• _Task_
In the entries below, find the line with "乘风破浪企业励志标语文化墙" and the line with "dfreeeze syswtem overview". Return those two lines and all lines between them, exactly.

=-=-=

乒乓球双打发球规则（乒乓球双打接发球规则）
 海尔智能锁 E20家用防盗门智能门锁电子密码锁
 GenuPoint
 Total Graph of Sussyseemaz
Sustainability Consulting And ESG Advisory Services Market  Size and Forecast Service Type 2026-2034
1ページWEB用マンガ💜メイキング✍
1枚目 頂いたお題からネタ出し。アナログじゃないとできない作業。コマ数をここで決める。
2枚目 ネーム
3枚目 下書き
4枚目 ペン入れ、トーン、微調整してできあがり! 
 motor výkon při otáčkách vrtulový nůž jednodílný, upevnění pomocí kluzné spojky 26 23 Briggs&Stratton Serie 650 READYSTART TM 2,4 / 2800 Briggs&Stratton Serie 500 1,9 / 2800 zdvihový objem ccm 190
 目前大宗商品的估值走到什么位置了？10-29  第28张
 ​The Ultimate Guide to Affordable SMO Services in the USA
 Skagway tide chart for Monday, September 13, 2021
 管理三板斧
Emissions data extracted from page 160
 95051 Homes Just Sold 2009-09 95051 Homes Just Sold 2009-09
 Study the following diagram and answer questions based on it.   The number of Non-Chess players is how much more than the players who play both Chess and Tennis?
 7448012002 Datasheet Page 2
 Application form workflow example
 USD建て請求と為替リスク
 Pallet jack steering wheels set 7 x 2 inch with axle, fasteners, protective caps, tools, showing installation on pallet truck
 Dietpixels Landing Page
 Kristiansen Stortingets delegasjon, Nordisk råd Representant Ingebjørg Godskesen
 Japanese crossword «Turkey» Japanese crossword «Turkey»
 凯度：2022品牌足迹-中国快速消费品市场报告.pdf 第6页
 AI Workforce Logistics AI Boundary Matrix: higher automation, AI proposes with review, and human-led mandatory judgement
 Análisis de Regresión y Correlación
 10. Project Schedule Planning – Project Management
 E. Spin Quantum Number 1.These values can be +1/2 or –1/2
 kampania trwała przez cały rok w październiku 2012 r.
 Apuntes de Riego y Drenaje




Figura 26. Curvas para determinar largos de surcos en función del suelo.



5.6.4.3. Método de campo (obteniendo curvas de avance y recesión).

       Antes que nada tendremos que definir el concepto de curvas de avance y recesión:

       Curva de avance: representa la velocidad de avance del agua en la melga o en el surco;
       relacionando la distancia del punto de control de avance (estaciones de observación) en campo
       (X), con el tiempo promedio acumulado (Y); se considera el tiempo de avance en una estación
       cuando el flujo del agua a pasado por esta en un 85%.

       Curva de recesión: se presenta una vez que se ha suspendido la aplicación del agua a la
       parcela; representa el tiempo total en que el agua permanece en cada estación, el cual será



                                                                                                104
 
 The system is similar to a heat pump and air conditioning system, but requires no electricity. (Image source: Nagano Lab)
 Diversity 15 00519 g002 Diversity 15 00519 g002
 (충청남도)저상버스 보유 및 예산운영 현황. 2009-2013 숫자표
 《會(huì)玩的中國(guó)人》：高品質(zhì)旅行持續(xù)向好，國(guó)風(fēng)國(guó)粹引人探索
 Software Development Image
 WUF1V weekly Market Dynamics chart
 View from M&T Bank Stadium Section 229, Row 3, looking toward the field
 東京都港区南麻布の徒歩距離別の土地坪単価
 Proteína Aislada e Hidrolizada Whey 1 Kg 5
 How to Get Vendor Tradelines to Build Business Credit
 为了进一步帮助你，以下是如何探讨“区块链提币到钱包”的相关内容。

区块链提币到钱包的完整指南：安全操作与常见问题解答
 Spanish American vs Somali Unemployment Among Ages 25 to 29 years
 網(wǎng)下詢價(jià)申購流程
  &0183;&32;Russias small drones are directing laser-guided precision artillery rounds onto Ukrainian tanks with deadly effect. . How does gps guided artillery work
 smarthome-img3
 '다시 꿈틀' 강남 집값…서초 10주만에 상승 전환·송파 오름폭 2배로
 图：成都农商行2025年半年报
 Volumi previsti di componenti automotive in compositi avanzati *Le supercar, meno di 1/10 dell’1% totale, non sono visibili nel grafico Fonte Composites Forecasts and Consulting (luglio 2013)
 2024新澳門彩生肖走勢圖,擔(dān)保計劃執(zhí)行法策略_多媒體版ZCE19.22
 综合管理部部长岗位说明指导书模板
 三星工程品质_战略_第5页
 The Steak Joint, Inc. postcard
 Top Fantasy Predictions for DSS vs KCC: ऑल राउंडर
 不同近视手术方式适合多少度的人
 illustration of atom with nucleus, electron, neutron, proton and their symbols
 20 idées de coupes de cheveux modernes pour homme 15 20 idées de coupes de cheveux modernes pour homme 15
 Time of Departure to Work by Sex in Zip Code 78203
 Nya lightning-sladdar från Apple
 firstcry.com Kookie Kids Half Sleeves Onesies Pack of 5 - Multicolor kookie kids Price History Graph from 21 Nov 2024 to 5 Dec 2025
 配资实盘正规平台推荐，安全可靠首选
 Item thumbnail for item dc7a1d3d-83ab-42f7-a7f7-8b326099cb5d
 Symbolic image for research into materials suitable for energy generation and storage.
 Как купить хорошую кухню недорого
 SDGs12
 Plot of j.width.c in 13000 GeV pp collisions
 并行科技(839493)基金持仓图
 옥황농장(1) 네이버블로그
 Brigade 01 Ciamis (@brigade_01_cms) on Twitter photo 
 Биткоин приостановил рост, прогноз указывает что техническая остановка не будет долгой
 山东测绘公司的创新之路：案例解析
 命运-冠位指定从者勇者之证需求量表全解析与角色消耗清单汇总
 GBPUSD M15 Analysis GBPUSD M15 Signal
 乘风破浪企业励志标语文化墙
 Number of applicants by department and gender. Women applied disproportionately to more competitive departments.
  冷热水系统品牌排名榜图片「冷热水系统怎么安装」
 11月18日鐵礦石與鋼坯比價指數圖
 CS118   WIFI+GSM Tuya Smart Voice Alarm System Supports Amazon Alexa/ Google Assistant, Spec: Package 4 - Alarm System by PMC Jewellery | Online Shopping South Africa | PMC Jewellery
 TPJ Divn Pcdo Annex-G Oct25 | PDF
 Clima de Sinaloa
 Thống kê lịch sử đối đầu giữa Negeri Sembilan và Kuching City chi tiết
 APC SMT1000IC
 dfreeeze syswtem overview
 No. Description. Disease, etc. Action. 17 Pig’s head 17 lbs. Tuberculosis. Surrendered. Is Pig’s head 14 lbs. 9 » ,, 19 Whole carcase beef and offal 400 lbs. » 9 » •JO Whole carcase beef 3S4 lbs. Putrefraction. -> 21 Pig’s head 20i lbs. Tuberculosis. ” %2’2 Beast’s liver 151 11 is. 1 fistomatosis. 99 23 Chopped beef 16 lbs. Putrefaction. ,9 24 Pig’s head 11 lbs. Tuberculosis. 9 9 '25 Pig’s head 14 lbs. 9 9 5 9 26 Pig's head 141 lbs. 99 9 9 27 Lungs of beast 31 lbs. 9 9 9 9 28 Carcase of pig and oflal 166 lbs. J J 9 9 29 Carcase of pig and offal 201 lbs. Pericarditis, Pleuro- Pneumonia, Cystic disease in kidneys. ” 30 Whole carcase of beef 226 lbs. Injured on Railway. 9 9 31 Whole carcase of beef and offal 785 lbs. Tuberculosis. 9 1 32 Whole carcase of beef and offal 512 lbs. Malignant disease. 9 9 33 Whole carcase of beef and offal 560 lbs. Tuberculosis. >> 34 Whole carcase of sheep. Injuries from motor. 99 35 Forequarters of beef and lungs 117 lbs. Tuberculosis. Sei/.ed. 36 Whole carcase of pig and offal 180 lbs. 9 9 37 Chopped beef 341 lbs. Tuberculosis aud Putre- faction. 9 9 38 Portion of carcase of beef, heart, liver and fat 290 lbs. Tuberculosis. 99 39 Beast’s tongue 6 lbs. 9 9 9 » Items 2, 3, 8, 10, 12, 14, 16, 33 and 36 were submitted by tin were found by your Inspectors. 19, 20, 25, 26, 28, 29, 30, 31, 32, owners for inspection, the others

=-=-=

• _Written response_
 乘风破浪企业励志标语文化墙
 Number of applicants by department and gender. Women applied disproportionately to more competitive departments.
  冷热水系统品牌排名榜图片「冷热水系统怎么安装」
 11月18日鐵礦石與鋼坯比價指數圖
 CS118   WIFI+GSM Tuya Smart Voice Alarm System Supports Amazon Alexa/ Google Assistant, Spec: Package 4 - Alarm System by PMC Jewellery | Online Shopping South Africa | PMC Jewellery
 TPJ Divn Pcdo Annex-G Oct25 | PDF
 Clima de Sinaloa
 Thống kê lịch sử đối đầu giữa Negeri Sembilan và Kuching City chi tiết
 APC SMT1000IC
 dfreeeze syswtem overview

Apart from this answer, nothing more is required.